Step two: translate these mechanics into superpowers – so that I knew that the ‘different mechanic for each character, reflecting their power’ idea actually worked. It also helped to have an anchor for the game’s tone early doors. (The game’s written in a much more casual, subjective, in-world voice than most of mine are, so having this helped a lot.)
Step three: write up combat mechanics. Now, The Fatality Force specifically has social, strategy and combat rules but it had to start with figuring out combat since that’s where I was imagining most of the powers being used, and the kind of action I associated most strongly with the game’s core (supervillains forced onto a potentially fatal mission). The rules were basically defined by the fact any act could only have success/failure results (not degrees of success/failure), that death had to be fairly likely, and that the characters’ powers were descriptive, not prescriptive, in how they worked. This all led to a very description (rather than mechanic/calculation) heavy, fast-paced and free-flowing set of combat rules.
Step four: decide what happens in the case of death. I don’t want to make a game where a player’s character can die early in a session, and just leave them with nothing to do. So there are three possible outcomes of death in The Fatality Force – all that allow the people to keep playing in some way. But that was pretty essential to have in place.
Step four: write up social and strategy rules. Okay, maybe this is less directly from the initial design starting point of the game and more about the media that inspired it, but it was clear that the fun in this kind of role-play is just as much about the downtime between the characters and verbal sparring during heist-like missions as it is the over-the-top combat. I still wanted the powers to be meaningful, and the existence of unique mechanical items for player characters really shaped the social rules in a big way.

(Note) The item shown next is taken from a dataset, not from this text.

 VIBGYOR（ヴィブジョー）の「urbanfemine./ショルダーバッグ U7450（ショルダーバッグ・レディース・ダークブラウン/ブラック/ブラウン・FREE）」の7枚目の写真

Step five: formalise the GM’s role. Now, I hadn’t been totally oblivious to what the GM would be doing so far (and had known throughout there would be one) – thanks to the initial inspiration, there was a clear in-world parallel to a GM (Amanda Waller, the character giving The Suicide Squad their orders from a safe, remote control centre where she can hear and see what’s happening). But possibly the hardest thing I personally find about game design is making sure to write something so that someone else can pick the game up and run it. It’s one thing getting enough info so that I can run a game; it’s a different thing altogether giving someone what they need to do it.
In the case of The Fatality Force, some of this was merely being explicit that the game favours the descriptive over the prescriptive, and a lot of space is given for players and GMs to just chase what’s fun for them. The other major thing for GMs was giving them a) a structure to lean on if they wanted it (basically a map of social, combat and strategy beats to play out a mission) and b) a list of potential boss enemies, to provide a clear endpoint and tonal springboard for GMs.
Perhaps unsurprisingly, these two aspects were the ones I found the toughest whilst writing up the game – the structure because you’re trying to find a good balance of information and prompts whilst avoiding being restrictive, the boss monsters because creating distinctive, surprising monsters with fun identities and abilities is hard. (And I didn’t have the benefit of something pre-existing to spring off from like with the player characters.)
Step six: fill in the holes – the connective tissue. In some cases this was finishing off loosely-written sections, like giving the social rules a bit more structure or the strategic rules more payoff; in others it was simply thinking through what the GM would need to know; in others it was just making sure each player character option had a decent, unique backstory.
And that’s basically it. I was also experimenting in trying to be less precious about writing and making decisions a bit more instinctively, rather than agonising about certain choices and trusting what felt like the most fun option, which definitely shaped the design process. Starting from ‘what are the players physically doing‘ was really interesting for me (having only done something similar in in zero-materials games where a player’s surroundings and body give them all their prompts) and I think going to reshape how I approach a lot of games in future.